Your task — Please copy exactly the part of the records below that opens with the line containing "Welcome to this" and closes with the line containing "Maybe this campaign", leaving out any pictures.

Records supplied —
- - - - - - -
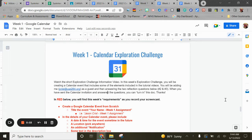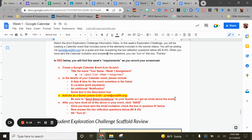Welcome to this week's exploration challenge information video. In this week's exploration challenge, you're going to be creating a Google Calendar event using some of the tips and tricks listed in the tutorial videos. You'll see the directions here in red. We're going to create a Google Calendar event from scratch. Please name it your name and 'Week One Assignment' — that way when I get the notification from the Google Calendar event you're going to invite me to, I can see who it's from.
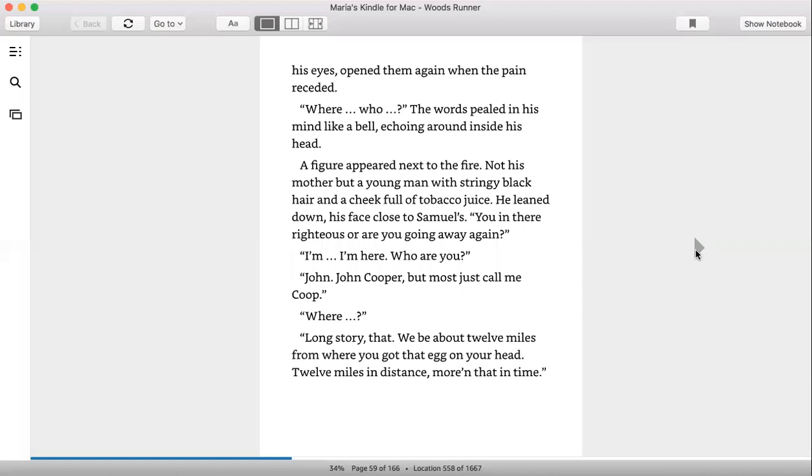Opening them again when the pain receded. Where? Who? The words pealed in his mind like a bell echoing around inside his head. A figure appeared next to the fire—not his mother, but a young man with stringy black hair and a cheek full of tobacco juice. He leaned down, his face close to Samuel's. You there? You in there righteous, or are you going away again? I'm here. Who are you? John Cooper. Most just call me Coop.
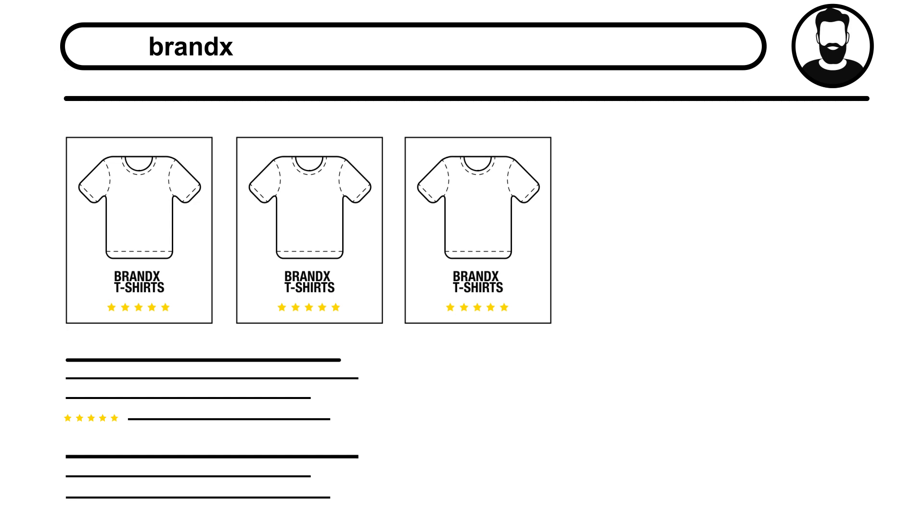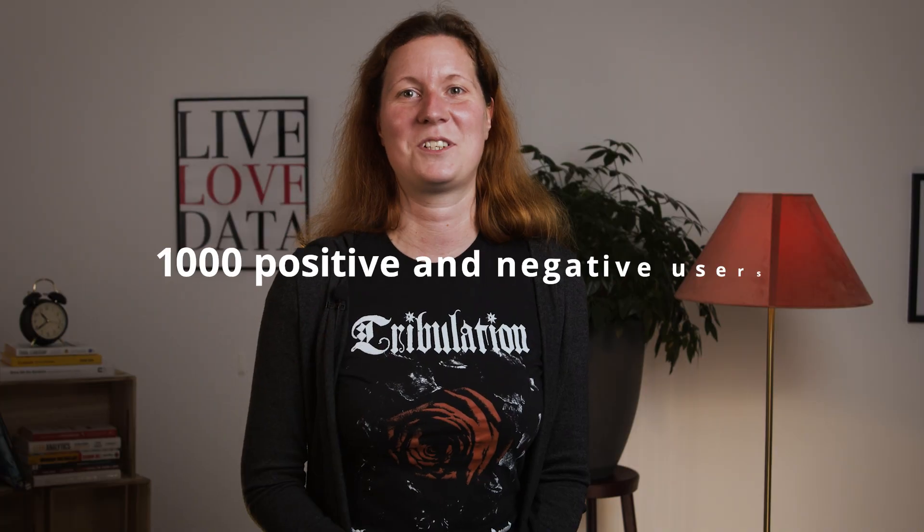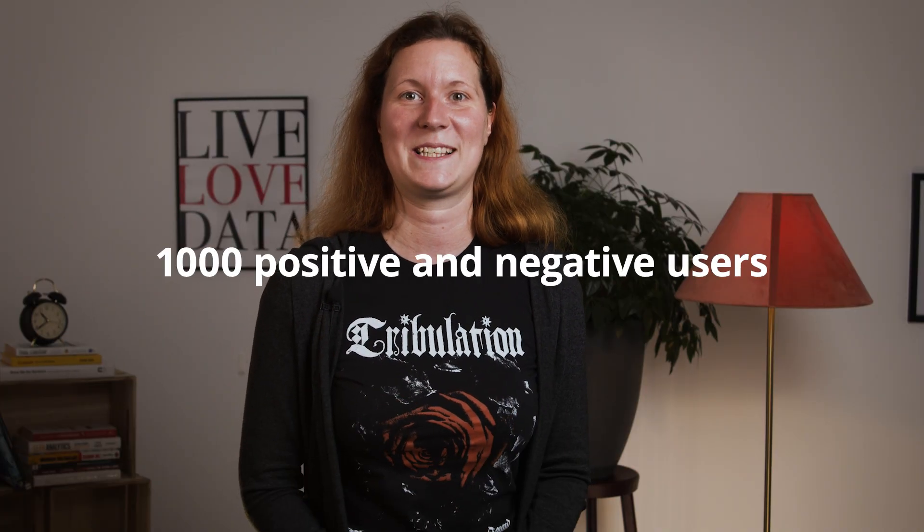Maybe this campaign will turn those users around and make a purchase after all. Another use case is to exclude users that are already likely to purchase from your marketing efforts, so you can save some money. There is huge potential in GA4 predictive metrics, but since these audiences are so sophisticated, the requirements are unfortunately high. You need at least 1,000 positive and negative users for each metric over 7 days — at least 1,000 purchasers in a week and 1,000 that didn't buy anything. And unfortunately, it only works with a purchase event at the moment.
- - - - - - -
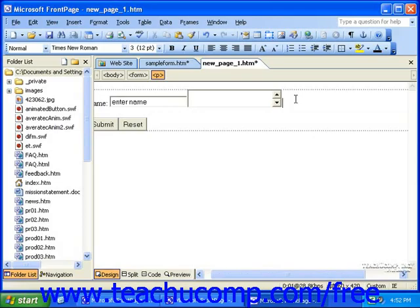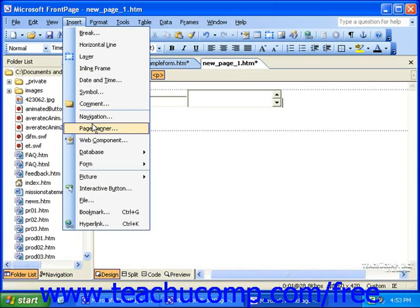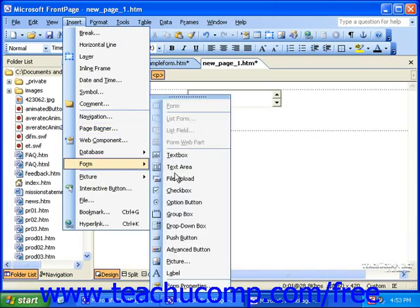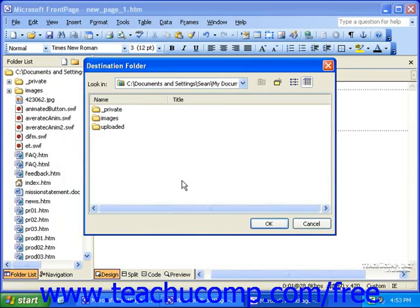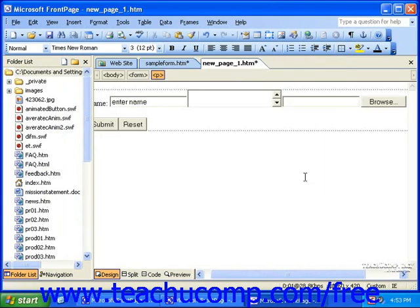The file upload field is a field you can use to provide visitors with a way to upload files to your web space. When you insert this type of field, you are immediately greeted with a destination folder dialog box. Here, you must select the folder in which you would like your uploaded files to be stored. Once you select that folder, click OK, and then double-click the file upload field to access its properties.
- - - - - - -
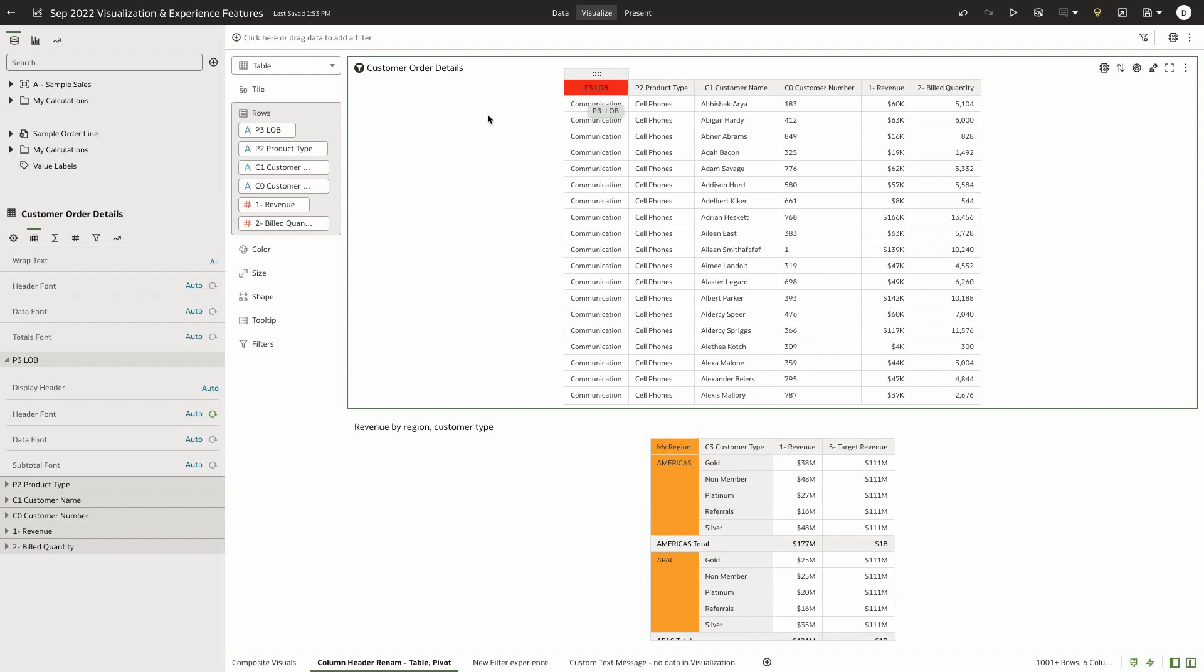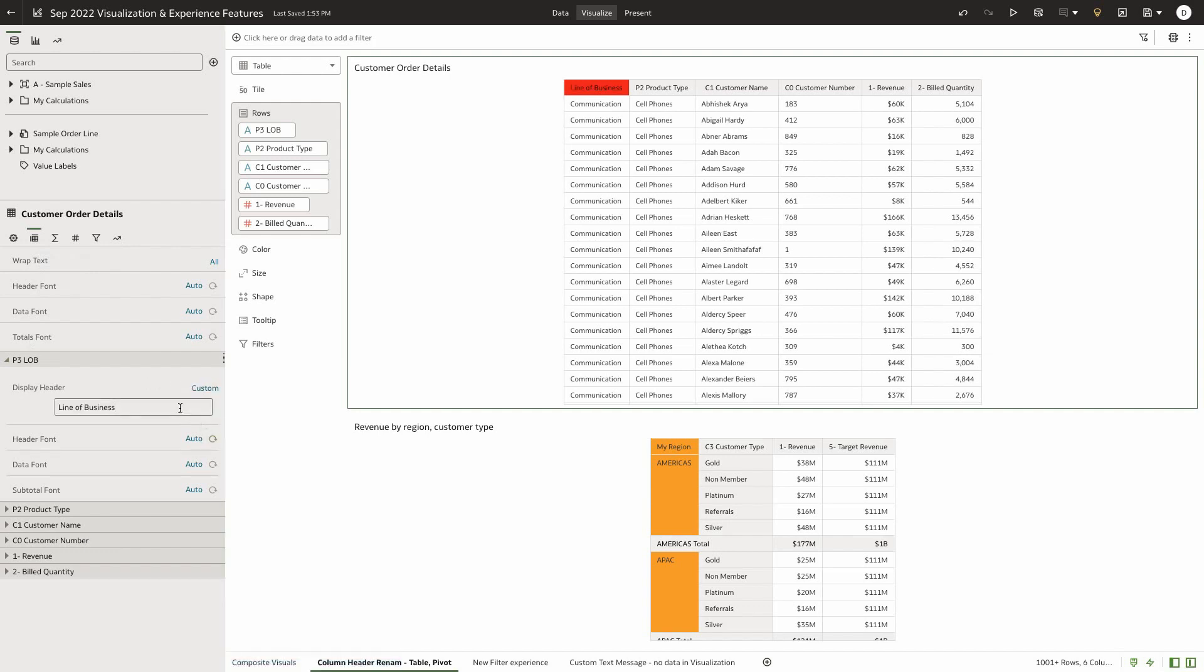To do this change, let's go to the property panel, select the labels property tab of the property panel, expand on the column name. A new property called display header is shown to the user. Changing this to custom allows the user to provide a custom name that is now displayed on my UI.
- - - - - - -
Task output —
Welcome to this week's exploration challenge information video. In this week's exploration challenge, you're going to be creating a Google Calendar event using some of the tips and tricks listed in the tutorial videos. You'll see the directions here in red. We're going to create a Google Calendar event from scratch. Please name it your name and 'Week One Assignment' — that way when I get the notification from the Google Calendar event you're going to invite me to, I can see who it's from.
Opening them again when the pain receded. Where? Who? The words pealed in his mind like a bell echoing around inside his head. A figure appeared next to the fire—not his mother, but a young man with stringy black hair and a cheek full of tobacco juice. He leaned down, his face close to Samuel's. You there? You in there righteous, or are you going away again? I'm here. Who are you? John Cooper. Most just call me Coop.
Maybe this campaign will turn those users around and make a purchase after all. Another use case is to exclude users that are already likely to purchase from your marketing efforts, so you can save some money. There is huge potential in GA4 predictive metrics, but since these audiences are so sophisticated, the requirements are unfortunately high. You need at least 1,000 positive and negative users for each metric over 7 days — at least 1,000 purchasers in a week and 1,000 that didn't buy anything. And unfortunately, it only works with a purchase event at the moment.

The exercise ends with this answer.